[Input data]
::::

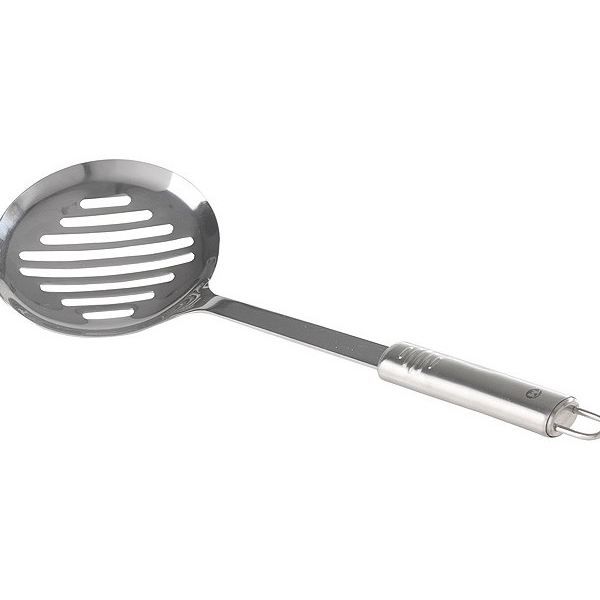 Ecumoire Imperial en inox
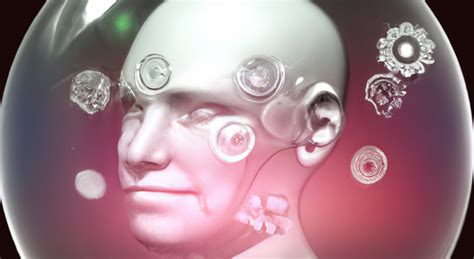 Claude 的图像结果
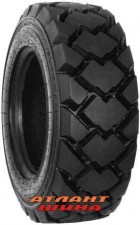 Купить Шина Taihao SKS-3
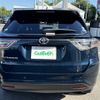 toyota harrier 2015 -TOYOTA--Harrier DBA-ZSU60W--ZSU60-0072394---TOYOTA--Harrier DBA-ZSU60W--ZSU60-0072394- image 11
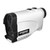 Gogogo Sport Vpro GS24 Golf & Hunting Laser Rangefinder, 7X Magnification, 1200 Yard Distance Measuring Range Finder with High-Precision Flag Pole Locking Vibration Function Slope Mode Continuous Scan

::::

[Task description] Repeat the entries above exactly and skip the images.

[Exercise output]
 Ecumoire Imperial en inox
 Claude 的图像结果
 Купить Шина Taihao SKS-3
 toyota harrier 2015 -TOYOTA--Harrier DBA-ZSU60W--ZSU60-0072394---TOYOTA--Harrier DBA-ZSU60W--ZSU60-0072394- image 11
 Gogogo Sport Vpro GS24 Golf & Hunting Laser Rangefinder, 7X Magnification, 1200 Yard Distance Measuring Range Finder with High-Precision Flag Pole Locking Vibration Function Slope Mode Continuous Scan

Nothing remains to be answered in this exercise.